This is a pilot study to explore the concept of de-escalating natalizumab treatment to interferon-beta-1b e.o.d compared to continuous treatment with natalizumab in patients with relapsing-remitting multiple sclerosis previously treated with natalizumab for 12 months. The study is designed as prospective, controlled, randomized, rater-blinded, parallel-group, two arm, mono-centric including patients of the Ticino Cohort. One arm will be treated with Interferon-beta 1b 250mcg given subcutaneously every other day, the other with Natalizumab 300 mg given intravenously (i.v.), every four weeks. The treatment duration is 12 months, the follow-up period 12 months. The time to first on-study relapse will be compared between the to treatment arms (primary outcome). Other efficacy parameter include clinical and radiological parameters, patient reported outcome on quality of life and fatigue. Safety is assessed by reports of adverse events.

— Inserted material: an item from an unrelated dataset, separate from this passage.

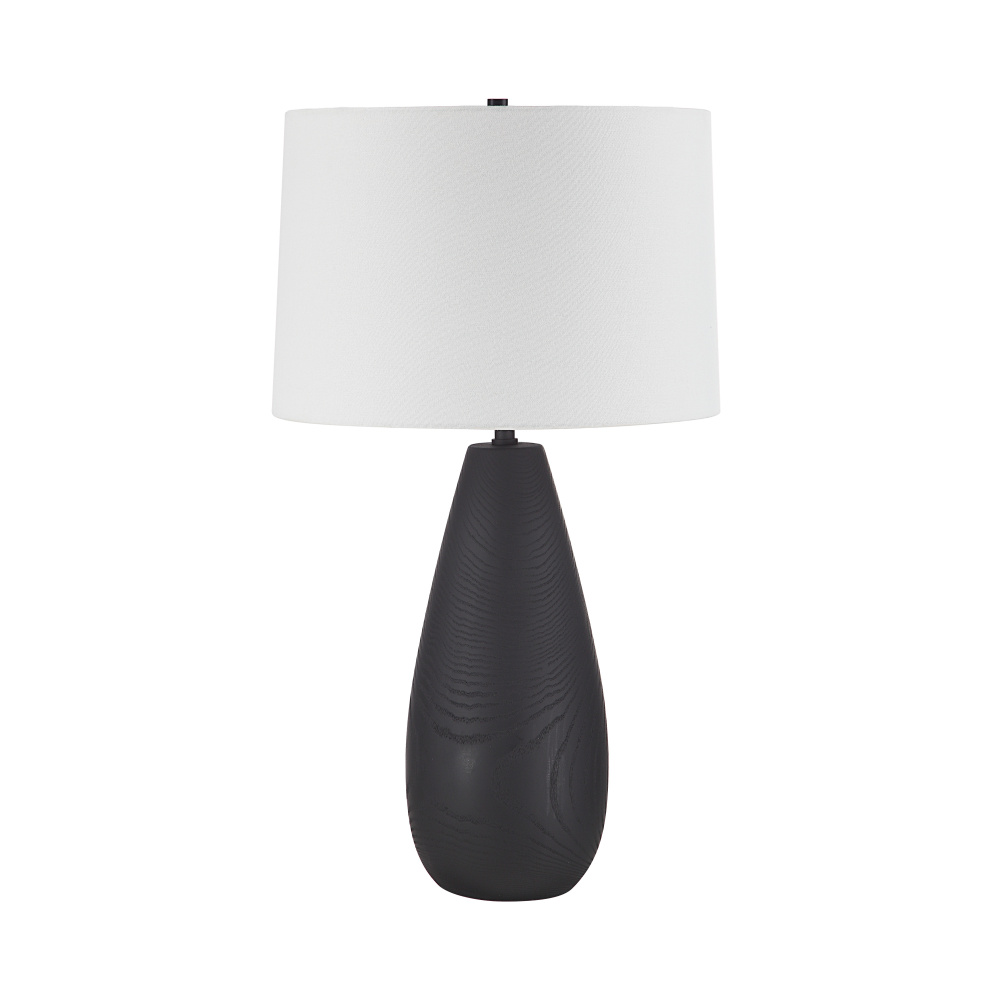 Tala 30&#34; Tall Powder Coated Matte Black Iron Table Lamp with Tapered Linen Shade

Condition or Disease | Intervention/Treatment | Phase |
---|---|---|
|
Phase 4 |
Detailed Description
At present, there is no cure for multiple sclerosis and the management of MS-patients requires treatment with disease-modifying agents such as interferon-beta or glatiramer acetate, monoclonal antibodies such as natalizumab or immunsuppressants such as mitoxantrone, azathioprine or methotrexate. Acute relapses are usually treated with corticosteroids. Natalizumab is a humanized monoclonal antibody directed against α4-integrin, a component of VLA-4 (very late antigen-4) present on leukocytes. Following submission of additional safety data, the agencies such as Swissmedic or EMEA have issued approval of natalizumab for treatment of relapsing MS with a number of restrictions. The preparation has been available in Switzerland since 2006. According to the current scientific information, natalizumab (Tysabri®) is indicated as a "disease-modifying monotherapy of highly active relapsing MS" for the following patient groups: 1) patients showing high levels of disease activity despite treatment with an IFN-β preparation, or 2) untreated/treatment-naive patients with rapidly progressing relapsing-remitting MS (at least two serious relapses per year).

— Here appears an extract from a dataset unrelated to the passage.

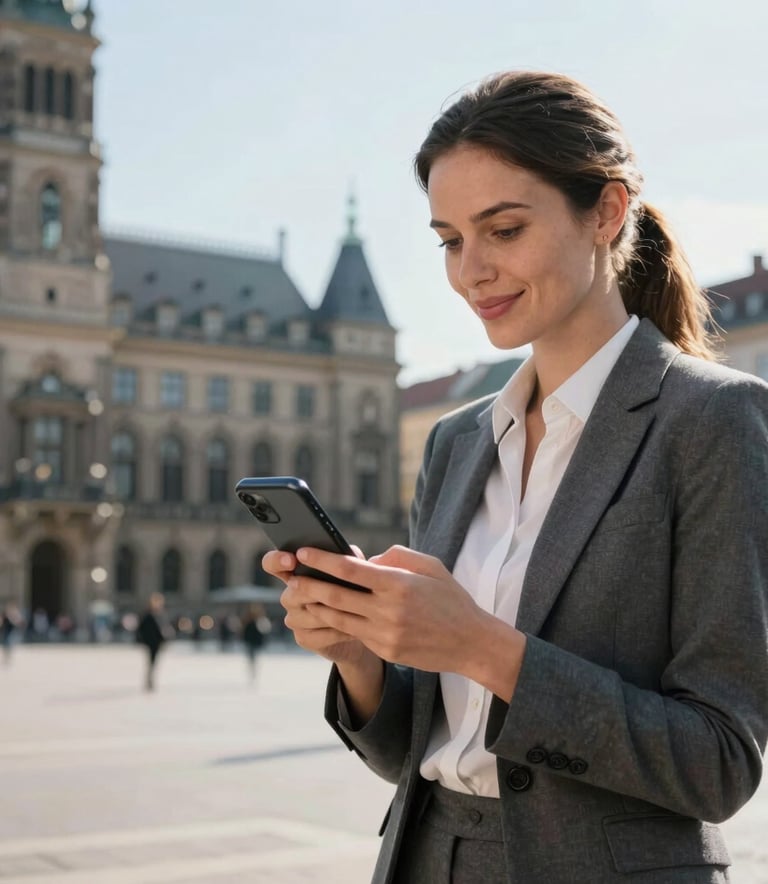 High-end photography of a professional woman in a German city square, wearing elegant business-casual attire. She is looking at her smartphone with a satisfied expression. In the soft-focus background, a historic European administrative building is visible under a clear, bright sky.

The primary objective of this pilot study is to generate first data and hypotheses on the concept of de-escalating natalizumab-treated relapsing-remitting multiple sclerosis patients to interferon-beta-1b e.o.d compared to continuous treatment on natalizumab for planning of further clinical studies regarding safety and efficacy.

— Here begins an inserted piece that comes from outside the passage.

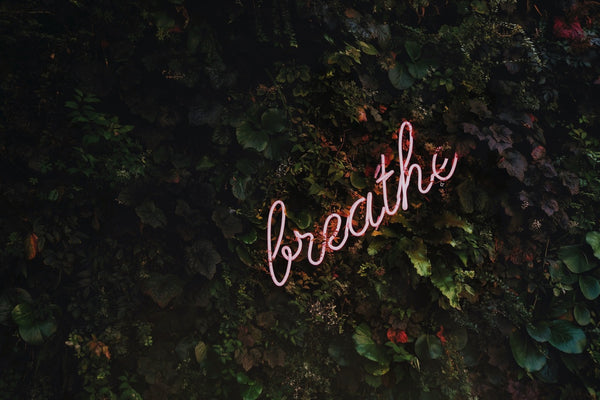 A neon sign that says: "Breathe" in a hedge. 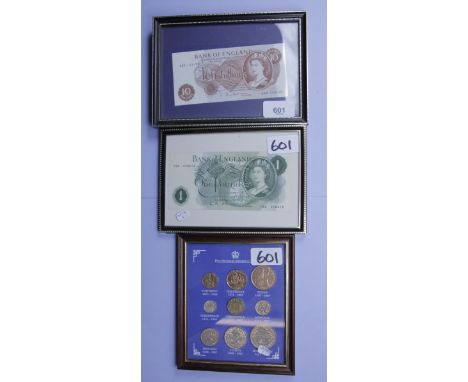 Bank of England notes: mounted in frames 1 off 10 shillings J S Holloway pre-fix 66B, 1 off £1 green L K O'Brien pre-fix T86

As secondary objectives, clinical, neuropsychological parameters, MRI and laboratory parameter and safety aspects will be assessed in accordance to the protocol available for the management of patient on natalizumab at our service.
This is a prospective, controlled, randomized, rater-blinded, parallel-group, monocentric, two arm, phase IV pilot study. Patients with relapsing-remitting forms of MS, respecting all inclusion/exclusion criteria, will be randomized into two equal-size parallel arms for de-escalation to interferon beta-1b (after a month wash-out) or for continued treatment on natalizumab.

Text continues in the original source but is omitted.